Était-ce une leçon retenue dans le maquis lorsqu’il était résistant 3 ? Était-ce l’expérience plus intime de l’acteur ressentant la force de l’incarnation au travers de son personnage ? Toujours est-il qu’Armand Gatti accordait en matière d’action sociale et politique, beaucoup d’importance à l’impulsion de l’individu ou d’un petit groupe d’individus. Voyait-il l’agit-prop, l’action culturelle à visée sociale comme une pratique d’avant-garde ? Nous nous hasarderons à dire qu’il admirait des personnalités conscientes de ce que leur vertus et courage devaient à la volonté et la construction collective. Sans tirer la couverture, nous voulons conclure ce bref hommage en redisant que nous partagions avec lui ce qu’il faut bien qualifier de foi dans la pédagogie de l’action collective...

(1) : Armand Gatti commence sa "carrière" de dramaturge en faisant scandale avec Le crapaud buffle, pièce "anarchiste" montée par Jean Vilar en 1959.

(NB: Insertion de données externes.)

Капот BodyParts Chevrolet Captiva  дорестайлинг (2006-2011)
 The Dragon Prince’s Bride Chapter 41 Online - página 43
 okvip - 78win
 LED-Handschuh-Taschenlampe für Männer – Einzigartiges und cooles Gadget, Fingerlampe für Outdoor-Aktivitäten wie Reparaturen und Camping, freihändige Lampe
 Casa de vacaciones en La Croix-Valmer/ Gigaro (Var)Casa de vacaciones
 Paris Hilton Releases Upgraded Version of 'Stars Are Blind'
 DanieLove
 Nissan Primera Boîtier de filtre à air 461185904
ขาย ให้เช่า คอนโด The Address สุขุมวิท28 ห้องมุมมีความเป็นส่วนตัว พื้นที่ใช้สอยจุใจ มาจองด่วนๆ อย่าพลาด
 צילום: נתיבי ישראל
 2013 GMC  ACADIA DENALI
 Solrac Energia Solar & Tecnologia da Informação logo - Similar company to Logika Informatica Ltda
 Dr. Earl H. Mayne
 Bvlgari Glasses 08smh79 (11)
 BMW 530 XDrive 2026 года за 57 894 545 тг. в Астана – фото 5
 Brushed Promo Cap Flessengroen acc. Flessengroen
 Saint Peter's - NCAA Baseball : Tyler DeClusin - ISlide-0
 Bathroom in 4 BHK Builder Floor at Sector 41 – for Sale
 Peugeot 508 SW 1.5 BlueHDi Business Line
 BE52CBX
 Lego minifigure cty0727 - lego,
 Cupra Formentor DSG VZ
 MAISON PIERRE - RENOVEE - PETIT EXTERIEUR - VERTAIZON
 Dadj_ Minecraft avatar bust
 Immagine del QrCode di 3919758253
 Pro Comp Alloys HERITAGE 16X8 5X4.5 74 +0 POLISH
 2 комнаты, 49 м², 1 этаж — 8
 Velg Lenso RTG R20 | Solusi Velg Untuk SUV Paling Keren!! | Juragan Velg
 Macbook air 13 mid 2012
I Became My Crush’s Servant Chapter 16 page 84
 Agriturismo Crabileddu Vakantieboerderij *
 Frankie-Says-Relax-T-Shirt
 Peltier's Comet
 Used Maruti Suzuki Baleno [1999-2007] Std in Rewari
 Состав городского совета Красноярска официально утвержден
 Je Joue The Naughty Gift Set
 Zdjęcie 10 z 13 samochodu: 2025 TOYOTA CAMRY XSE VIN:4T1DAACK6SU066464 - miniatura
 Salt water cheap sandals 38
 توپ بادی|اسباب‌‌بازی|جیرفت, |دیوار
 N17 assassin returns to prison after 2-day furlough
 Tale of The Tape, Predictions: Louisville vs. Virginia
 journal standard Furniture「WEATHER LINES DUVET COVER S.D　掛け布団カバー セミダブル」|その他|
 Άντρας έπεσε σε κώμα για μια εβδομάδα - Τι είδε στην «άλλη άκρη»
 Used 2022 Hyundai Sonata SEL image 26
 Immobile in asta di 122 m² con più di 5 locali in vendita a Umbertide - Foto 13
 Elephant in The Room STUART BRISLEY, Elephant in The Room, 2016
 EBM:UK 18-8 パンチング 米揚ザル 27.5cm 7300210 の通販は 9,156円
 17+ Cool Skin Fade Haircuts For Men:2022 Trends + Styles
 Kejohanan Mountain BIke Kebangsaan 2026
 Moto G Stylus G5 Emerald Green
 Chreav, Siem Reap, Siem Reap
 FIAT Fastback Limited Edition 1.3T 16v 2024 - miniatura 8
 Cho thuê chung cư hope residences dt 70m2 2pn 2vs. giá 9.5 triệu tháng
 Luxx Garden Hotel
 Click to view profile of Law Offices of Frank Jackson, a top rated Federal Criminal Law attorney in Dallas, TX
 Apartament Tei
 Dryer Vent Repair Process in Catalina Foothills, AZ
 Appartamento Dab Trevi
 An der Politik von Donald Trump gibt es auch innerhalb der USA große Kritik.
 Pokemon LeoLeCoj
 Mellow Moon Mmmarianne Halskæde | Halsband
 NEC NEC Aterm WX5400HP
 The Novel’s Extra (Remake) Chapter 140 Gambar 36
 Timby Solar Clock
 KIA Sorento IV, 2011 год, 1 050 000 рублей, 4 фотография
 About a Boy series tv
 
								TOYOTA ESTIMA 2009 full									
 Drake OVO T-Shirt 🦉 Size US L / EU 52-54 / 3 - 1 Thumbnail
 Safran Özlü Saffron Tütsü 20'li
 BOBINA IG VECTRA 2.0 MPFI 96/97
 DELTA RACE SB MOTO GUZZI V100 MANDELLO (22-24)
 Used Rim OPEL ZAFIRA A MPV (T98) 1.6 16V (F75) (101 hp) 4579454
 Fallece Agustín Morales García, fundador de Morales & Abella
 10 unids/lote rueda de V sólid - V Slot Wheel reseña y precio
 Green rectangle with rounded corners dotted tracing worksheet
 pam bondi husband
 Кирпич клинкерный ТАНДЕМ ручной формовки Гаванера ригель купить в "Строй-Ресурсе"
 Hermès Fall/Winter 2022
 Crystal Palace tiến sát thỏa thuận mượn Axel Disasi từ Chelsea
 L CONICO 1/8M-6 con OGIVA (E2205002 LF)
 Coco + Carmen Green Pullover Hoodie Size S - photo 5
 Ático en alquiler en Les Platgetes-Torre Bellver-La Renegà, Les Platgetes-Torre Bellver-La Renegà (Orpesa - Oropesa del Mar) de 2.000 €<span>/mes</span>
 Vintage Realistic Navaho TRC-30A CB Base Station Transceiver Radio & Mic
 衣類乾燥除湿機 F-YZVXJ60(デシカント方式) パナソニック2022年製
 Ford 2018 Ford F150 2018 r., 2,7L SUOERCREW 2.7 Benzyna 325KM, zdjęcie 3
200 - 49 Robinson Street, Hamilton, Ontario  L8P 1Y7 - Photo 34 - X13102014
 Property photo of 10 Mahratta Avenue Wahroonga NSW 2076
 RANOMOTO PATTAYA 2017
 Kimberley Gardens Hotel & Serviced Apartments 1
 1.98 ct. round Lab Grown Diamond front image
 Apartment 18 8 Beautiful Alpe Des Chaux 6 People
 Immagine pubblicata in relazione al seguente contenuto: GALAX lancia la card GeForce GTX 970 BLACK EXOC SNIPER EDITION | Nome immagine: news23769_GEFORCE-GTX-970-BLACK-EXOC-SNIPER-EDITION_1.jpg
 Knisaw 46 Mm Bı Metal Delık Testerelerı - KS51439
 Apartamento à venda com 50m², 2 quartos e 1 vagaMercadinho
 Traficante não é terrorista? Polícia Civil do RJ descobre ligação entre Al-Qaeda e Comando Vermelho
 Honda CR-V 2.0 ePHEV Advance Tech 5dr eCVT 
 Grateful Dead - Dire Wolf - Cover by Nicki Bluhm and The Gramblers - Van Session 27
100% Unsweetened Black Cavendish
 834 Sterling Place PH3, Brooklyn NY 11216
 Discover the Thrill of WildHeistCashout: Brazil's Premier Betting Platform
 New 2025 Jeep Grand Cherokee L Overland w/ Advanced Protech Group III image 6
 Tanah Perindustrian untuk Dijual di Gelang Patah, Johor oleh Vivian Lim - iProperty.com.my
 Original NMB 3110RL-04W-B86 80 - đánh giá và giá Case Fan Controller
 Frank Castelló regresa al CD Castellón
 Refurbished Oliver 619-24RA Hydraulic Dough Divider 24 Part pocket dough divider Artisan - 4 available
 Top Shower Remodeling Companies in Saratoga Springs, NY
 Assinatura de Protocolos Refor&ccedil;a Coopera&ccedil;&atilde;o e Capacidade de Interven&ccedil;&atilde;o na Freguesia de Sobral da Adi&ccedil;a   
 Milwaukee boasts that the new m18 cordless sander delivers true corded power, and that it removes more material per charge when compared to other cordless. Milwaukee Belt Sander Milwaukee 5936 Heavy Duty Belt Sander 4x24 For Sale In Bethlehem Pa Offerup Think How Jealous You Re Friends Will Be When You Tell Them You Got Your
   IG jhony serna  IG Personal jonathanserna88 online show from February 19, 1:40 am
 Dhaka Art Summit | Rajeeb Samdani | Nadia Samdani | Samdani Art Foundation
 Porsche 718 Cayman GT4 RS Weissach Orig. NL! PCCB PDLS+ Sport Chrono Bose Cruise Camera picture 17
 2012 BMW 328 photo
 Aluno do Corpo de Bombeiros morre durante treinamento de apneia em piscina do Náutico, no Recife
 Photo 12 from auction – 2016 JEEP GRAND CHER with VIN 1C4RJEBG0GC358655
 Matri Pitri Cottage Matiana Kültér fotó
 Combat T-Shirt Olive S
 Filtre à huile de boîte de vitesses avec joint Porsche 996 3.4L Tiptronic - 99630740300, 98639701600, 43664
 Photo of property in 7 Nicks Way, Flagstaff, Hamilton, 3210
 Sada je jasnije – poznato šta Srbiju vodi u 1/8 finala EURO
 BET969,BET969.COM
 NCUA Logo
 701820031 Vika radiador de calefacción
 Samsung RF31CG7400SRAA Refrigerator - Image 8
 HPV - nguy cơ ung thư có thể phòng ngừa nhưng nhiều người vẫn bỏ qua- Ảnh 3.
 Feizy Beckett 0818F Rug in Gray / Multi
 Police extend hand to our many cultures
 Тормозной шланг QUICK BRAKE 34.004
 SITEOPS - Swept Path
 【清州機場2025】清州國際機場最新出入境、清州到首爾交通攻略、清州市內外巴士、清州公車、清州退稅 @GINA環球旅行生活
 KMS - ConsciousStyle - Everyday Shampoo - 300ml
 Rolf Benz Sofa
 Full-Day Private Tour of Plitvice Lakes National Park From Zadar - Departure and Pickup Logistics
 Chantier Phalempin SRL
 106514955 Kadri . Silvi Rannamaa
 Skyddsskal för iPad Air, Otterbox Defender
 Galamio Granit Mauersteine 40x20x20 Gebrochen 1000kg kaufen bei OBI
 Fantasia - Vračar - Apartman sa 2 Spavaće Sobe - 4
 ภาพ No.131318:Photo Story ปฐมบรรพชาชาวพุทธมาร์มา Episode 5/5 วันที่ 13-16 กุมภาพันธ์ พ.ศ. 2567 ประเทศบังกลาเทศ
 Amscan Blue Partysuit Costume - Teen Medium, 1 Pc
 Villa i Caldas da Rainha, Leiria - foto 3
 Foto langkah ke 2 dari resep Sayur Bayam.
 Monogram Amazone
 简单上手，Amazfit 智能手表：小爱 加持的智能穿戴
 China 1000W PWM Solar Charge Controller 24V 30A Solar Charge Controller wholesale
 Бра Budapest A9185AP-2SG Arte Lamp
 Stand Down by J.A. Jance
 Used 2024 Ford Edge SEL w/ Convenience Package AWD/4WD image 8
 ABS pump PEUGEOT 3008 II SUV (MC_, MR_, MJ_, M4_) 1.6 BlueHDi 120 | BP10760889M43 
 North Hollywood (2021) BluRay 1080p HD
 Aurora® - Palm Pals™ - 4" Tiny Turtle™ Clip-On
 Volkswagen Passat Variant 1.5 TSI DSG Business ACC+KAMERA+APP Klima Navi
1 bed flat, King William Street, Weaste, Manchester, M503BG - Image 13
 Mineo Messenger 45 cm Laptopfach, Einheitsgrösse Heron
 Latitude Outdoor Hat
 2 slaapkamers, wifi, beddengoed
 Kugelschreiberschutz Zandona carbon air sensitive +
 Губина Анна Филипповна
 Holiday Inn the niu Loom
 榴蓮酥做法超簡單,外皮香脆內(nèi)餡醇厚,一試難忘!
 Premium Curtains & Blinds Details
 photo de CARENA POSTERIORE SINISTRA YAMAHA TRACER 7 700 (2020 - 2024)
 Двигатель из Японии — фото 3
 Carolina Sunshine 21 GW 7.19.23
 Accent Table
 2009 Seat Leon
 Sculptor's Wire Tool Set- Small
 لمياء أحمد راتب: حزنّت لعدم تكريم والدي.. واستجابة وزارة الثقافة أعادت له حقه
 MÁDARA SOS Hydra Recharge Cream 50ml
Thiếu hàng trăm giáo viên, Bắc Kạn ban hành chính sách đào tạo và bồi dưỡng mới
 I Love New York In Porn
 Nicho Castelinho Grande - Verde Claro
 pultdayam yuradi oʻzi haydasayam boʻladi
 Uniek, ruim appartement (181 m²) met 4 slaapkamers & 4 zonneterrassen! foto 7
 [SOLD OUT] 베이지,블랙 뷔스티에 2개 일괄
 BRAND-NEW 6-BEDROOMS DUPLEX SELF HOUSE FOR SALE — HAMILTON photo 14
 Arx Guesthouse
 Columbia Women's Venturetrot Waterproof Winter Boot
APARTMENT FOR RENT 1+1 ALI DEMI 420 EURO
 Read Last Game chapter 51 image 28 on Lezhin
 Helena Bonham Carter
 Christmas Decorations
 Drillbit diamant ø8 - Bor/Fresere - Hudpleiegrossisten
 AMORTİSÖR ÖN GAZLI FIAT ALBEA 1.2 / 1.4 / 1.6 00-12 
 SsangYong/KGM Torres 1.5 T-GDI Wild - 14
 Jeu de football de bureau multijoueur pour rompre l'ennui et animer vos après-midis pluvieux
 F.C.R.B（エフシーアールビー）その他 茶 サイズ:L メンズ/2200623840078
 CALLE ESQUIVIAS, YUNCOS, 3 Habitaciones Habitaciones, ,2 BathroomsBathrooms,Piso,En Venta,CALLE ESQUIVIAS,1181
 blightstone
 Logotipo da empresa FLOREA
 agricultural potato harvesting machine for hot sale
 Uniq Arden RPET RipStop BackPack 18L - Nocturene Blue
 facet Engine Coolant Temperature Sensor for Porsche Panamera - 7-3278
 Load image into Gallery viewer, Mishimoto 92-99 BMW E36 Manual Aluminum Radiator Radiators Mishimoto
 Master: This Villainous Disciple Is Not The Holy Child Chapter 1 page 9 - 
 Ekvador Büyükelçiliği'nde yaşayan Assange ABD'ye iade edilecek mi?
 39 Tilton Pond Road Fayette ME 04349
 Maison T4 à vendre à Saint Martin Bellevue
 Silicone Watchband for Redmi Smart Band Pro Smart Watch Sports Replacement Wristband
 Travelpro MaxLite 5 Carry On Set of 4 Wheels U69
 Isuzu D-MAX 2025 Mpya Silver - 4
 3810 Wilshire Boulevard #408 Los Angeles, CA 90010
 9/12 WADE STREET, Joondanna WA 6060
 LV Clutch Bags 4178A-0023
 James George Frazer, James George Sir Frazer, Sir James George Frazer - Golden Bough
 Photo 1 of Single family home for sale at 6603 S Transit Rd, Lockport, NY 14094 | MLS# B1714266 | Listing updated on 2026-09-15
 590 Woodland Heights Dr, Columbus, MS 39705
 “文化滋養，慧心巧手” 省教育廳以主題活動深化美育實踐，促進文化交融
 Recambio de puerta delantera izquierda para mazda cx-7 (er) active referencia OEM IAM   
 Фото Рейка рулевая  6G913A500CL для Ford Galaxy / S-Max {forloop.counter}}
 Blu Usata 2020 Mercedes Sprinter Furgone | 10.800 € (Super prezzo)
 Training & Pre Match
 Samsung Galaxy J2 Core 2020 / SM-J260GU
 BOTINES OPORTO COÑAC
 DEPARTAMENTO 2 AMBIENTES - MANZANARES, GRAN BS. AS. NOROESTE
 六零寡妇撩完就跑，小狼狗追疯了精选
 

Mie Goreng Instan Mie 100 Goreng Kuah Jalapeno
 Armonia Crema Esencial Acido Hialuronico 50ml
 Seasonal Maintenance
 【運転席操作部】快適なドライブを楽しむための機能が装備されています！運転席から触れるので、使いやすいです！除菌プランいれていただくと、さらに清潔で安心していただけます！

(2) : Les locaux de la Parole Errante appartiennent au conseil départemental (CD) de Seine-Saint-Denis. Gatti et sa troupe y sont installés depuis 1997. Le bail se termine toutefois, et non sans lien avec la transformation en cours de la ville : le CD veut récupérer les lieux et faire de cet espace un lieu culturel de plus.
Ces dix dernières années, la Parole Errante a accueilli un grand nombre d’initiatives politiques, sociales et culturelles. Un accueil presque inconditionnel et une grande liberté d’usage y a été possible. À partir de cette histoire, de ces usages et des collectifs qui occupent ce lieu quotidiennement ou régulièrement, nous avons construit le collectif de la parole demain pour imposer des suites à la parole errante qui repartent de l’existant.
Le CD, en réponse, ne cesse de repousser la fin du bail, ou de contourner le problème en lançant notamment un appel d’offres pour la reprise du lieu. Deux projets ont été pré-selectionnés : celui des Jeunesses Musicales de France (JMF) et celui de l’Envol (« centre d’art et de transformation sociale ») d’Arras. L’avis de la Mairie de Montreuil pèse dans cette décision, et la mairie soutient a priori l’installation de ces projets.
Nous voulons que les suites de la Parole Errante continuent de s’inventer à partir de l’existant et de la multiplicité d’initiatives accueillies dans ce lieu, nous exigeons une expérimentation sur 3 ans dans cette perspective. Nous avons besoin d’être nombreux, venez donc ! passez nous voir à la librairie, au Centre Social Autogéré, écrivez-nous, organisez des choses, organisons-nous, nous avons besoin de lieux partagés, ouvert, défendons-les ! Continuons de prendre la parole !
lien : laparoledemain chez gmail.com, //laparoleerrantedemain.org

(3) : Suite à la mort de son père tabassé lors d’une grève d’éboueurs, il part alors en Corrèze, dans le maquis, avec la recommandation du père gramscien d’un de ses amis. En 1943, il est arrêté à Tarnac, emprisonné à Tulle, puis transféré à Bordeaux où il travaille à la construction de la base sous-marine. Transféré à Hambourg, à l’entreprise Lindemann, il s’en évade et rejoint en Corrèze l’un des nombreux maquis dépendant de Georges Guingouin.